It seems like every Fall when the Open Studios and Art Tours gear up we seem to just miss them. So I was elated to know we would be able to spend a Saturday checking out some of the local work Joshua Tree and the surrounding communities have to offer. A day spent seeing new places, meeting artists , getting a peek inside their studios and process– what could be better?! Wanna go along for the ride? Buckle up. Safety first in the Artsy mobile!
Not MY Artsy mobile, but someone else’s spotted in Joshua Tree
Our first stop took us down a few long, lonely dirt ( OK, sand, really ) roads. We hoped the trek would be worth it. And when we came upon Judy Wold’s studio, something told me it would be.
Outside Judy Wold’s studio
Judy and her husband Bob live in Santa Monica, but the desert keeps drawing them in, allowing them to enjoy the best of both worlds. We were greeted warmly and with mimosas ( my favorite kind of hello! ). Her little abode/studio is tucked away from the rest of Joshua Tree, overlooking an undeveloped valley and a spectacular view of the mountains to the north.
Views around Judy Wold’s studio
Mr. Forager and I fell hard for the painting in the bottom right above. My photo doesn’t do it justice– it was full of color, depth and texture in person. We’re contemplating a purchase..
If you’ve ever been on an Art Tour, you know that artists not only open their studios, but utilize other spaces to create make-shift galleries. Judy’s Airstream guest room turned gallery was our fave. It had just the right boho vibe. Definitely got our wheels turnin’!

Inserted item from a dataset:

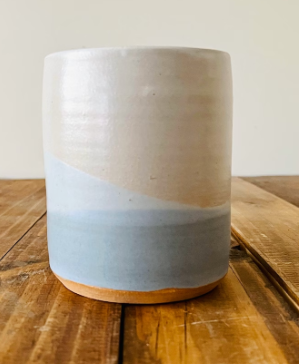 Large Utensil Holder by Hands on Ceramics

Wold’s Airstream gallery/guest room
Next we ventured out to Twenty-Nine Palms to check out some work that had looked a bit interesting in the brochure.. unfortunately, the photo was very deceiving and I found the building to be much more interesting than the art inside. Bummer.
Artsy building filled with so-so art. Art Tour number obliterated to protect the innocent.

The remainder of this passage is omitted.